House of Wisdom (Baghdad)House of Wisdom - The House of Wisdom (pronounced Bayt al-Hikma in Arabic) was the most important learning center and library in the world of Islam.  It was established in the late 8th century in Baghdad by Caliph Harun al-Rashid, and reached its pinnacle under the reign of his son, al-Ma'mun.  As Europe was plunged into the Dark Ages and struggled to recover after the Fall of Rome, the House of Wisdom became a primary institution responsible for keeping much of the knowledge of Antiquity from becoming extinct.  Not only did it keep ancient thought alive, but it opened numerous schools designed to continue the advancement of learning.  There was an observatory built which became the most important center for astronomy in the world during the Medieval Period.  In addition, there were schools of mathematics, medicine, alchemy, zoology and cartography founded.  One ambitious project undertaken by scholars of the House was an attempt to map the entire known world.  It's interesting that the House of Wisdom opened shortly after the Battle of Talas from which the Abbasid Caliphate acquired the technology of paper from the Chinese; and that acquisition may have played a role in its being built.
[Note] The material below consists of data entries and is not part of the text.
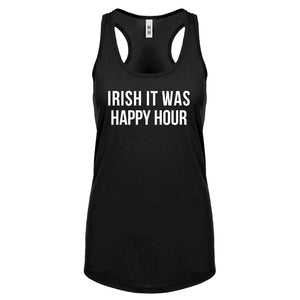 Irish it were Happy Hour Womens Racerback Tank Top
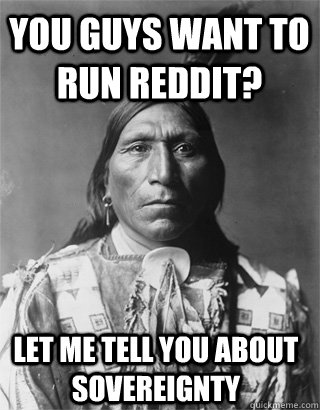 You guys want to run reddit? Let me tell you about sovereignty  Vengeful Native American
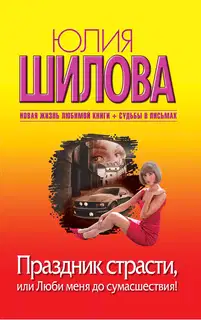 Праздник страсти, или Люби меня до сумасшествия!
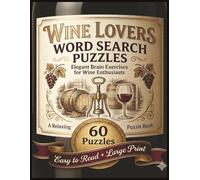 Wine Lovers Word Search Puzzles: For Wine Lovers of All Ages! | 8.5 x 11 in. | 60 Puzzles | Large Print | Easy to Read (Food & Drink Lovers)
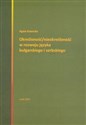 Określoność / nieokreśloność w rozwoju języka bułgarskiego i serbskiego in polish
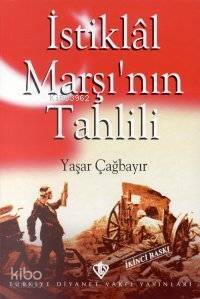 İstiklal Marşının Tahlili - 1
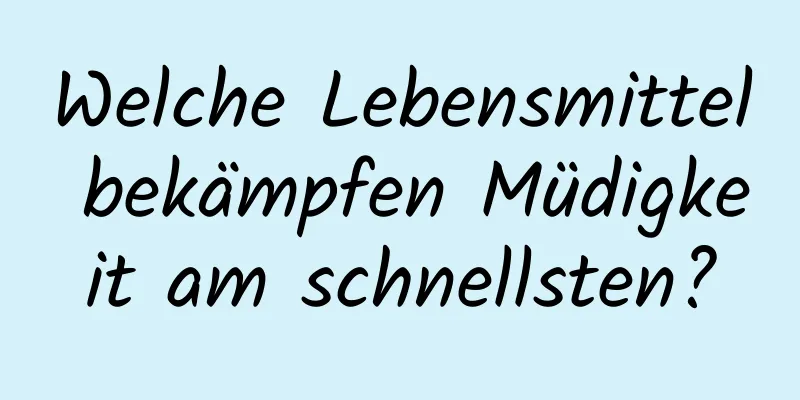 Welche Lebensmittel bekämpfen Müdigkeit am schnellsten?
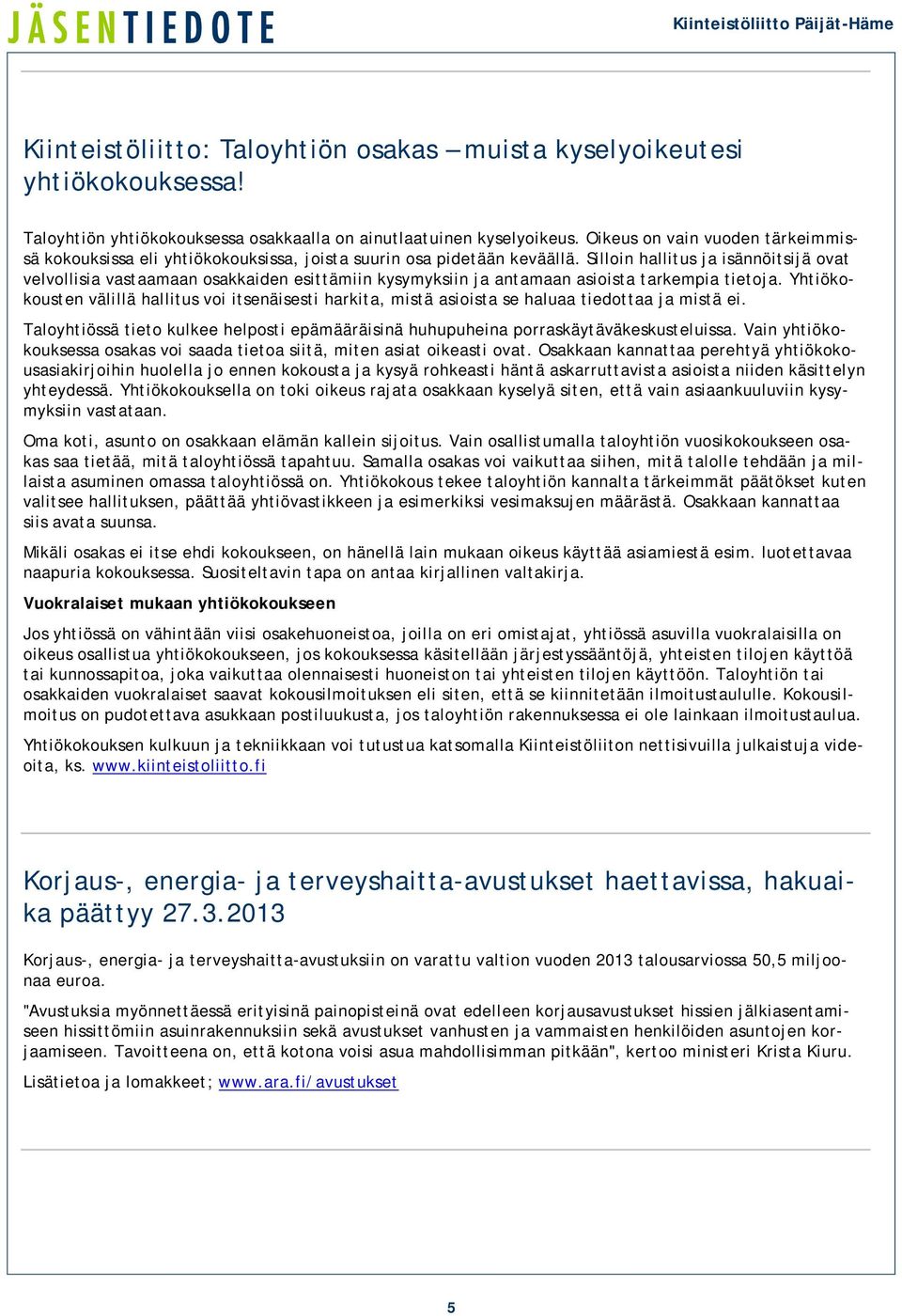 Silloin hallitus ja isännöitsijä ovat velvollisia vastaamaan osakkaiden esittämiin kysymyksiin ja antamaan asioista tarkempia tietoja.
Reminiscent to the Library of Alexandria during the Ptolemaic Dynasty, Caliph al-Rashid collected texts from the surrounding world and had them translated from their native languages (which included Greek, Sanskrit, Chinese, Persian and Aramaic) into Arabic.

 

By the early 9th century, the House of Wisdom had become such an esteemed institution that it received major funding from throughout the empire.  Likewise, knowledge had become a prized commodity and symbol of status within the Abbasid kingdom.  To many it was considered more valuable than wealth.  As an example, after a conflict with the Byzantines, one of the terms of peace was that a copy of Ptolemy's Almagest was to go to the House of Wisdom.  Through the caliphate's efforts, by the end of the 9th century, the House of Wisdom had become the greatest repository of knowledge in the Medieval world; much as the Library of Alexandria had been in the Ancient world.  Also like the Library of Alexandria, unfortunately, it was eventually destroyed.  In the case of the House of Wisdom, its end came with the fall of Baghdad at the hands of the Mongols in 1258 (see Fall of Baghdad).